Lukisan yang ditemukan di gua Maros-Pangkep tersebut menggambarkan adegan sekelompok figur setengah manusia dan setengah hewan (therianthropes) yang sedang berburu hewan mamalia besar dengan tombak maupun tali. Hasil pengukuran peluruhan radio aktif dari uranium dan elemen lainnya dari pembentukan mineral yang terjadi di Leang Bulu’ Sipong 4 mengungkapkan bahwa lukisan tersebut diperkirakan berusia antara 35.100 sampai 43.900 tahun yang lalu. Hal ini menjadikannya menjadi lukisan figuratif perburuan tertua di dunia.
Baca Juga: Merebut Status UNESCO Global Geopark Bagi Pulau Belitung Melalui Kayak
Baca Juga: Melintasi Tanjung Kelayang Demi Meraih Predikat Unesco Global Geopark
Baca Juga: Sudah Saatnya, Danau Poso Dijadikan Taman Bumi Berkelanjutan
Penemuan ini menegaskan bahwa komponen utama dari budaya artistik yang sangat maju telah hadir di Sulawesi sekitar 44 ribu tahun yang lalu, termasuk seni figuratif, adegan kejadian, dan therianthropes.
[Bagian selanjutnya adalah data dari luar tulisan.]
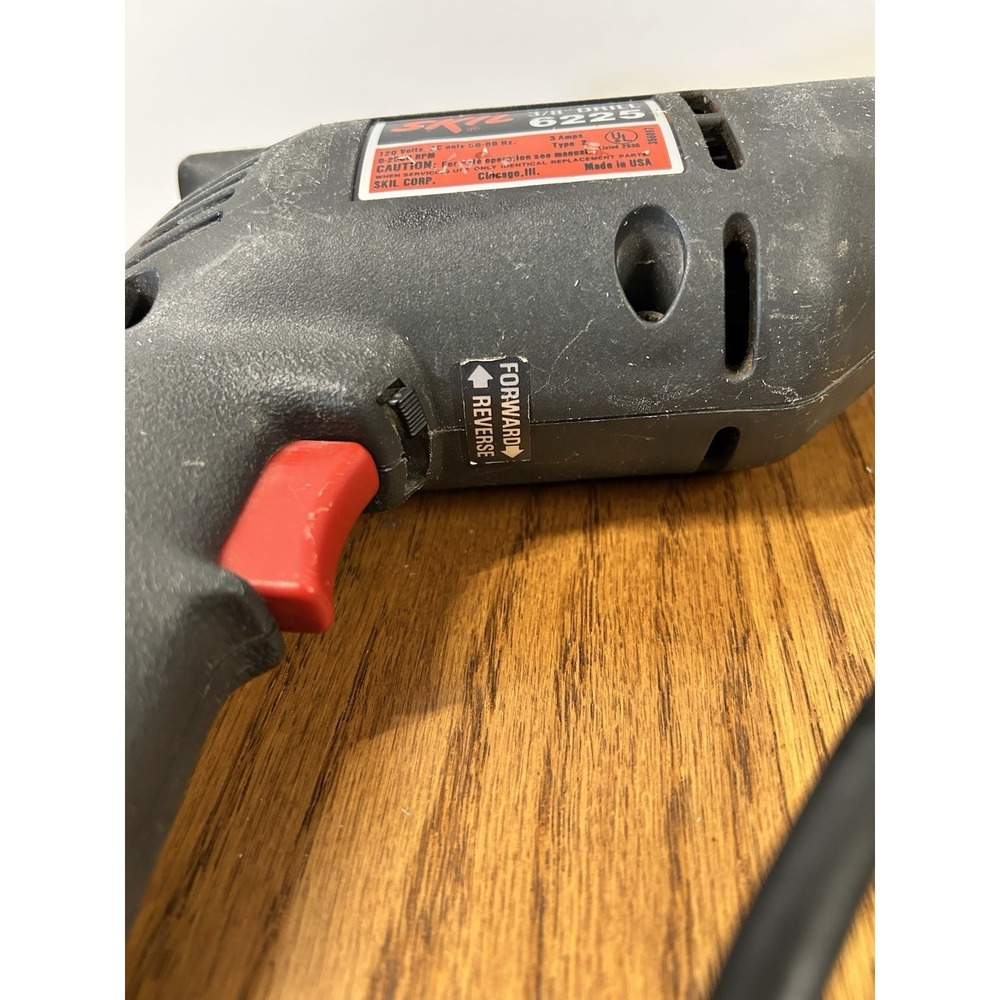 Skil‎ 6225 3/8" Drill Variable Speed Reversing 1/3 HP Corded Electric Power Tool - Picture 3 of 5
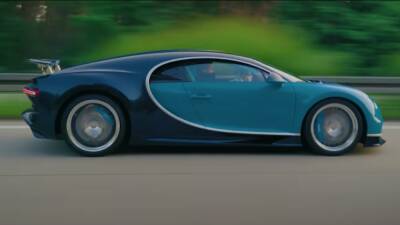 Посмотрите, как Bugatti Chiron развивает максимальную скорость на дороге общего пользования - motor.ru - Женева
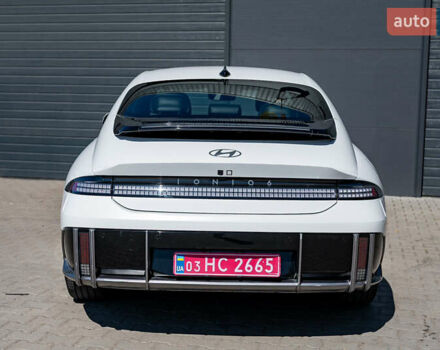 Белый Хендай IONIQ 6, объемом двигателя 0 л и пробегом 4 тыс. км за 25950 $, фото 11 на Automoto.ua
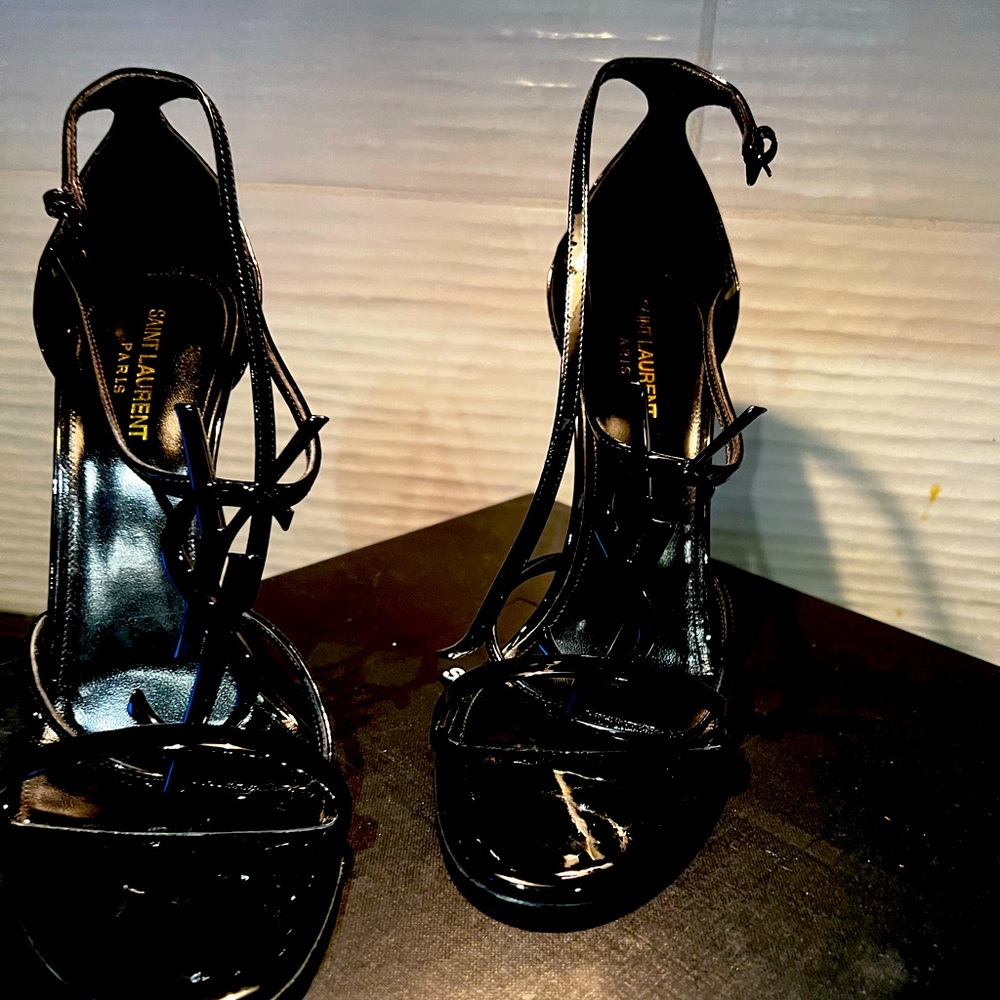 Saint Laurent
Opyum YSL Patent Ankle-Strap Sandals Size 42 Worn 2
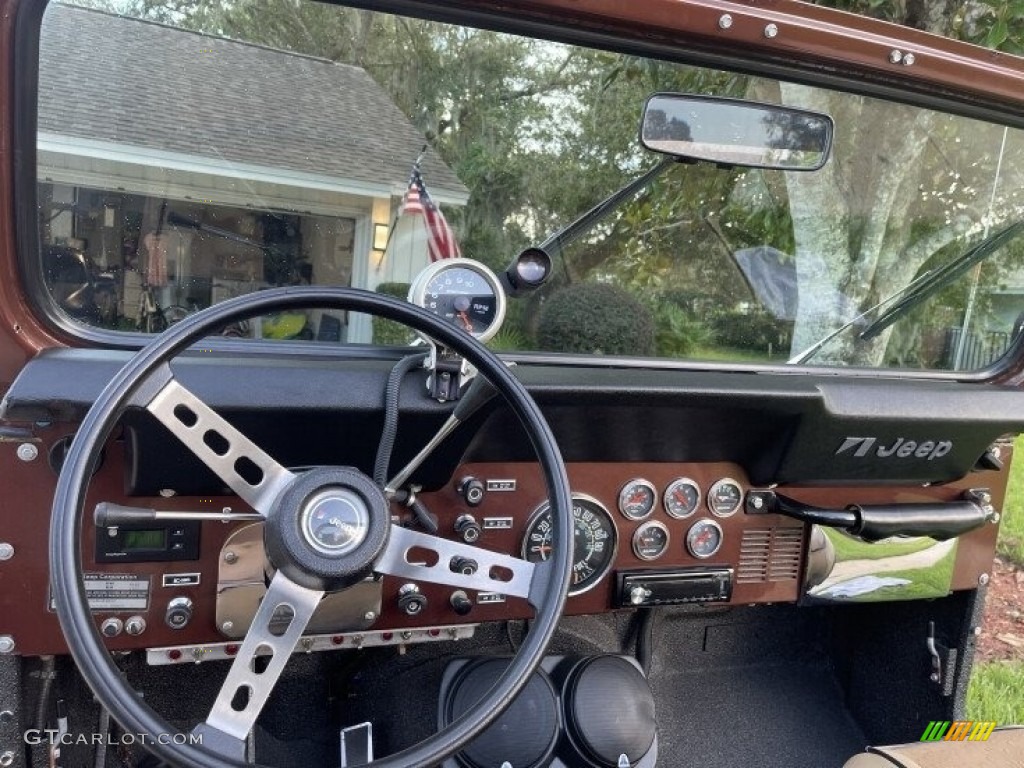 1976 Jeep CJ7 4x4 Tan Dashboard Photo #142436301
Lebih lanjut, penggambaran figur pemburu dalam bentuk therianthropes merupakan bukti tertua bagi kemampuan manusia untuk mengimajinasikan keberadaan supernatural yang merupakan titik permulaan pengalaman terhadap kepercayaan rohani.
Therianthropes sendiri sering ada di dalam cerita rakyat atau cerita fiksi pada masyarakat modern di semua tempat dan digambarkan sebagai Tuhan, roh, maupun perwujudan leluhur di semua agama di dunia. Kawasan Geopark Maros Pangkep saat ini menjadi rumah bagi penggambaran tertua tentang therianthropes, dan lebih tua dari manusia singa yang ditemukan di Jerman pada sekitar 40 ribu tahun silam.
Dengan kata lain, manusia di Maros Pangkep telah menciptakan sebuah karya seni yang mengekspresikan pemikiran spiritual tentang ikatan khusus antara manusia dan hewan jauh sebelum seni serupa ditemukan di Eropa, yang selama ini diasumsikan sebagai akar dari kebudayaan keagamaan modern.